What is being asked: All lines from the line containing "minkissy 4piezas Caja" up to and including the last line of the entries must be written out exactly, with no others.

Source material:
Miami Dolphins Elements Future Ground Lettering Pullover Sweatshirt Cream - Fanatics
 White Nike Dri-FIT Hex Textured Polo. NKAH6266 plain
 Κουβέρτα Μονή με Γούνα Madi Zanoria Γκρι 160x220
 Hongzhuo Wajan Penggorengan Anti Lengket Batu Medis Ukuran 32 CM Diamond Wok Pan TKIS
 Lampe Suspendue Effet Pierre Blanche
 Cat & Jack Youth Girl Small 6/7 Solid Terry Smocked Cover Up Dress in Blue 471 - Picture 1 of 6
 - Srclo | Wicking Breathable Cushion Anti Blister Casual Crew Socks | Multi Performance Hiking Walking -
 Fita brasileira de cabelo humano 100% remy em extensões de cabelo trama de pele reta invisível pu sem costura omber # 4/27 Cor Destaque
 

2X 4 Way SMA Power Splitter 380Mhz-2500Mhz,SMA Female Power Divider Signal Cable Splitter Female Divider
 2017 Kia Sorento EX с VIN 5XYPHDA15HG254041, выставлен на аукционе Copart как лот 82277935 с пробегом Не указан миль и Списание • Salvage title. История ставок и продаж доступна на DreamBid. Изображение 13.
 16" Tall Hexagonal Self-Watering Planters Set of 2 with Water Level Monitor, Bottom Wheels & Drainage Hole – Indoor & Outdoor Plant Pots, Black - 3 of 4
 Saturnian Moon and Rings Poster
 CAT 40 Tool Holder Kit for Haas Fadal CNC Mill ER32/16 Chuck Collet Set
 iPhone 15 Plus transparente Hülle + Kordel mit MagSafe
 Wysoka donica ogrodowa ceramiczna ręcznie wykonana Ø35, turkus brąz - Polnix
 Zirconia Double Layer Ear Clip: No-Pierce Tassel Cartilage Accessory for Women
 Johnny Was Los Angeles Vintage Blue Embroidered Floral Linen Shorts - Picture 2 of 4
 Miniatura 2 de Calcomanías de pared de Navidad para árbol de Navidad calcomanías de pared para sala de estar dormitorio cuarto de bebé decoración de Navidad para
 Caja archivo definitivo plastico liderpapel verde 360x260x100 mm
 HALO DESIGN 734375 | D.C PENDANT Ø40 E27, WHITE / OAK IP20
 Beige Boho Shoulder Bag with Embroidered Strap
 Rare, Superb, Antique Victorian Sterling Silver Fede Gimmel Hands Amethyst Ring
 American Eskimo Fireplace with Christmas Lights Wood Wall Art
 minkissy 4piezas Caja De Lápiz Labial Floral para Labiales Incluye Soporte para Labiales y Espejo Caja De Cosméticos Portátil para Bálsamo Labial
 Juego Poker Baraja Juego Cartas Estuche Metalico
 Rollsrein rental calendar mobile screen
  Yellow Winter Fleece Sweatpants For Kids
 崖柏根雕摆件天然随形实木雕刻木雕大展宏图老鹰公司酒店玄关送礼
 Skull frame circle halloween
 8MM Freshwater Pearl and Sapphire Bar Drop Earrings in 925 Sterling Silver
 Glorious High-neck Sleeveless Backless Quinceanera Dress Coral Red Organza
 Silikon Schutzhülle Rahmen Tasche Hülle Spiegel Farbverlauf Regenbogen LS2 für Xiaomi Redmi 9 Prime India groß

Solution to this exercise:
 minkissy 4piezas Caja De Lápiz Labial Floral para Labiales Incluye Soporte para Labiales y Espejo Caja De Cosméticos Portátil para Bálsamo Labial
 Juego Poker Baraja Juego Cartas Estuche Metalico
 Rollsrein rental calendar mobile screen
  Yellow Winter Fleece Sweatpants For Kids
 崖柏根雕摆件天然随形实木雕刻木雕大展宏图老鹰公司酒店玄关送礼
 Skull frame circle halloween
 8MM Freshwater Pearl and Sapphire Bar Drop Earrings in 925 Sterling Silver
 Glorious High-neck Sleeveless Backless Quinceanera Dress Coral Red Organza
 Silikon Schutzhülle Rahmen Tasche Hülle Spiegel Farbverlauf Regenbogen LS2 für Xiaomi Redmi 9 Prime India groß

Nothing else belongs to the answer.